FILOCRATE. E come fu? Sarresti mai tu quella? Anima mia, dimmel liberamente; ché, se è vero, poscia che ci ha condotti il cielo a questo, ti prometto sposarti.
FRONESIA. Hai pur giá detto ch'io ti tirava per menarti dentro ove Lúcia aspettava il suo Crisaulo. Onde ne rimaniam tutti beffati, ma dolcemente; e tutti e tre in tal modo l'un con l'altro ci siam rimescolati che appena ritroviamo i propri nomi. Io fui giá Lúcia; e tu fosti Crisaulo, secondo ch'io pensava; e da me, a sorte, in me credendo d'averla ingannata, fu da inganno difesa la padrona. E tu facesti com'un uom che sogna cosa che li sia a grado, che poi, desto, trova tutto il contrario. Ma Crisaulo (se non è ritenuto da qualcuno de' suoi perché nol faccia) ora, in fra poco, forse che dará fine a la comedia con far da vero.
FILOCRATE. Basta: ora io son chiaro. Vedi, al fin, come volge la fortuna! Poi che noi siamo a questo e che vediamo che in questo modo l'ha guidata il cielo, segua quello che debbe: ché 'l destino non si può mai fuggir.

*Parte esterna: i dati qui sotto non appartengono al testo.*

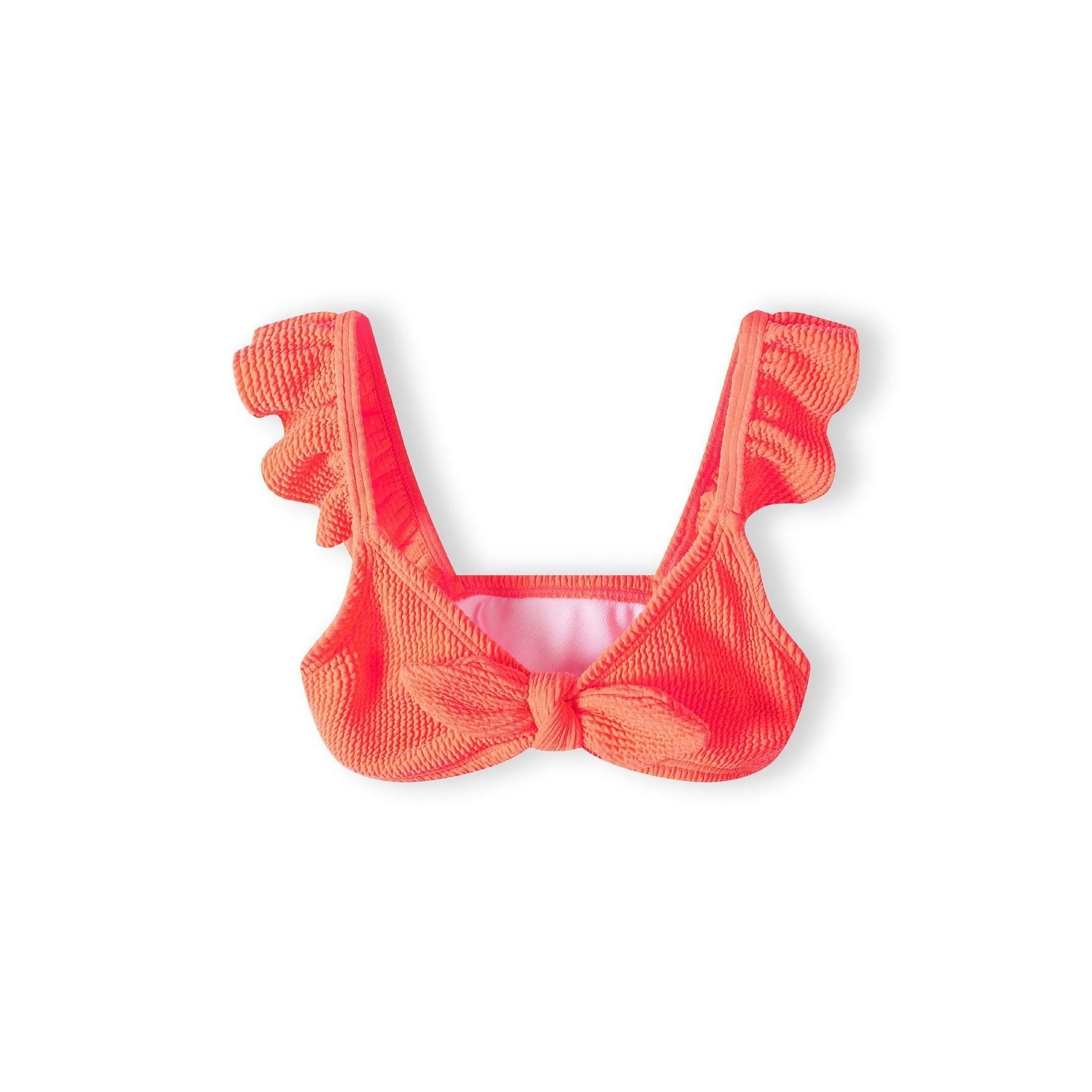 Orange bikini bottom with textured quick-dry fabric in classic brief cut displayed flat on white background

Se ti contenti, ti vo' sposare, in questo modo appunto: che ci diamo or la fede, se di Lúcia si fan le nozze; perché vo', se a sorte non fosse fatta, come giá promessa mi fu, poterla, se mi parrá, tôrre. Dimmi se ti contenti.
FRONESIA. Sí, ben mio, poi che ti piace; e ci siam cognosciuti, come a Dio piacque che governa il tutto; ed è stato fra noi, giá tanto tempo, amore e fede. Or durerá in eterno il dolce nodo che non fia mai sciolto fino a l'ultimo giorno.

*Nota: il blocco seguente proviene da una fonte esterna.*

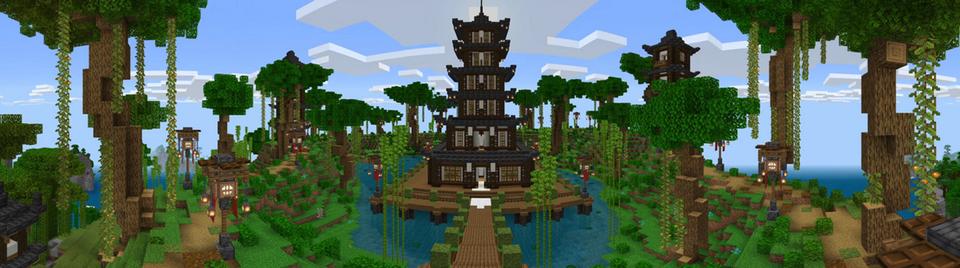 Panorama of the Minecraft Bedrock Marketplace product Japanese Village of Paradise created by BLOCKLAB Studios.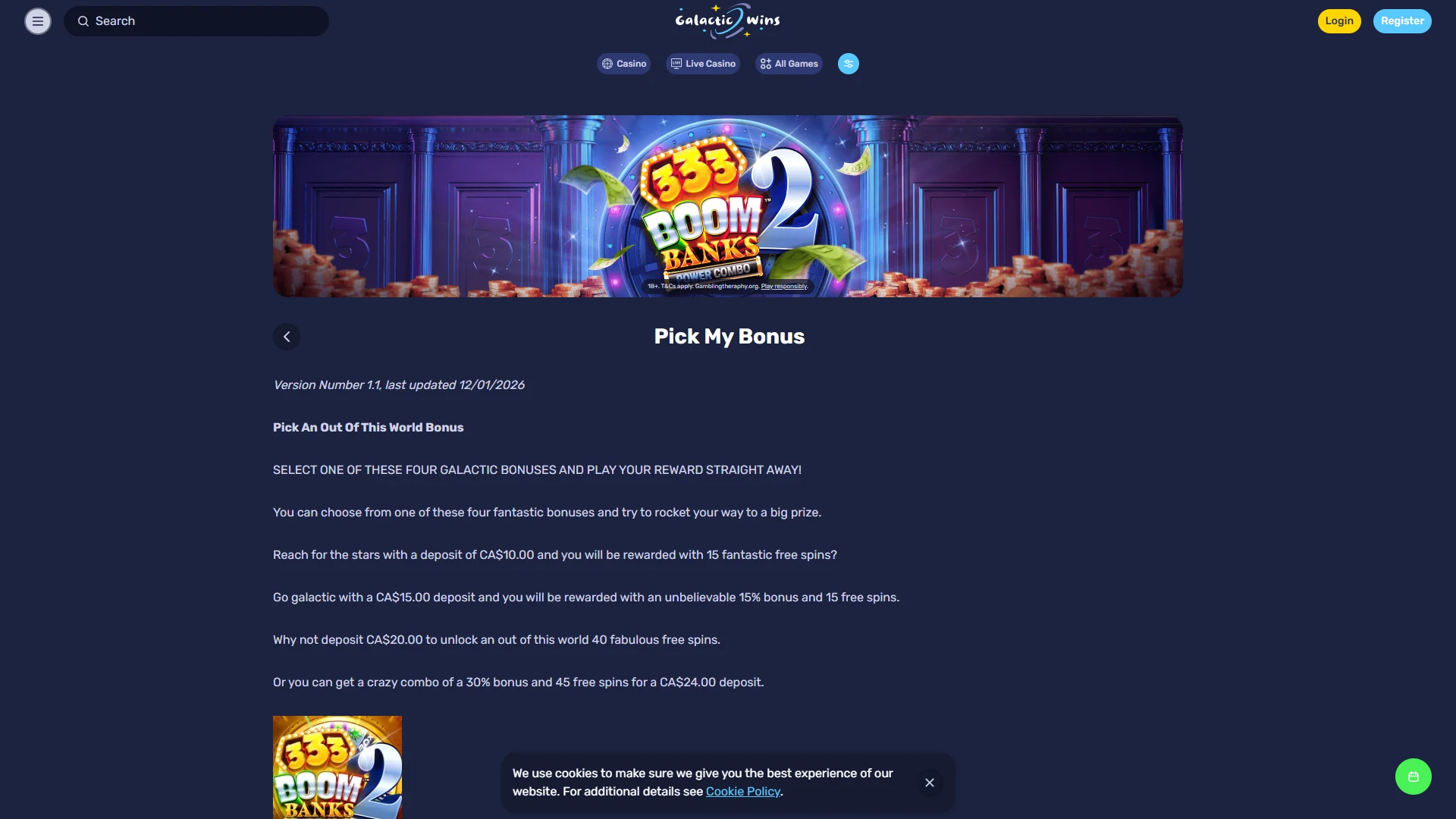 Current Galaxyno bonus offers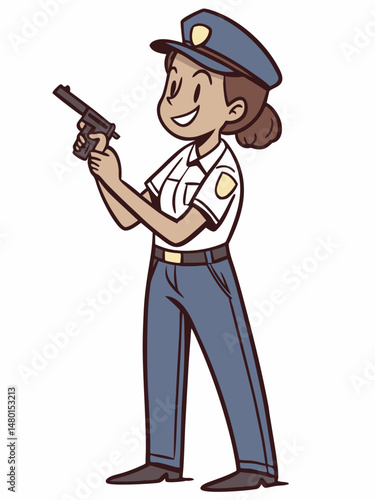 Happy female police with gun on white background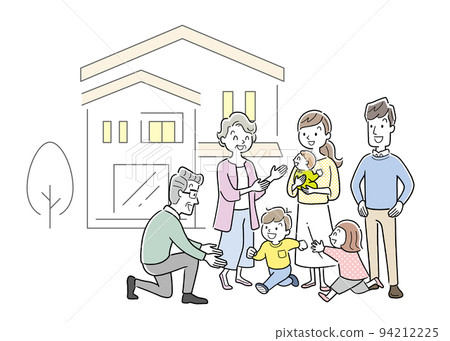 矢量圖素材：3代家庭和房子，獨立屋 94212225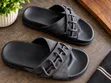 Easy Wears Hand Crafted Leather & Suede Slippers - Black - 2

FILOCRATE. Orsú, Fronesia, giá tanto amata! Tu sei la mia sposa. Serberai questo anello; e poi le nozze farem, quando ci paia tempo e luogo. Sei chiamata di sopra.
SCENA VIII
Crisaulo, non avendo potuto patir fuori che duo giorni, apparisce in su la scena andando a sposar Lúcia; ed ha seco Girifalco il quale si dichiara, nel parlar loro, avere da sposar Calonide: il che si mostra essere stato per mezzo di Crisaulo. Vanno adunque insieme ragionando; e con loro è Pilastrino il quale, giunti a casa, dá licenzia con dir che, di poi cena, si faranno gli sposalizi.
CRISAULO, GIRIFALCO, PILASTRINO, CALONIDE, FRONESIA.

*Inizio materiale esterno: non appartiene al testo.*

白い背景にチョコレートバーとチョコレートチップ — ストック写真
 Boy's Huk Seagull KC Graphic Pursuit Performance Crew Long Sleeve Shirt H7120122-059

CRISAULO. Io l'ho detto dal primo giorno, che l'andar di fuori era appunto al mio male erba trastulla; ma nondimen, per esser poi iscusato, non ho voluto mancar d'ogni sforzo. Ma non è in poter nostro.
GIRIFALCO. Eh! Questo è poco, Crisaulo, ché sei tal che potrai sempre vivere in questo mondo con onore, se ben ti biasmi il popolo e la plebe: perché questo è lor proprio né alcun vive dai lor morsi securo; e spesso i morti gli sentono anche lor dentro a la terra. E questo è, per il piú, che è gente vòta di robba e di pensieri; e altro non hanno u' esercitar la lor maligna mente che ne' fatti d'altrui. Ma un ben nato non sará tinto di cotesta macchia né assai né poco.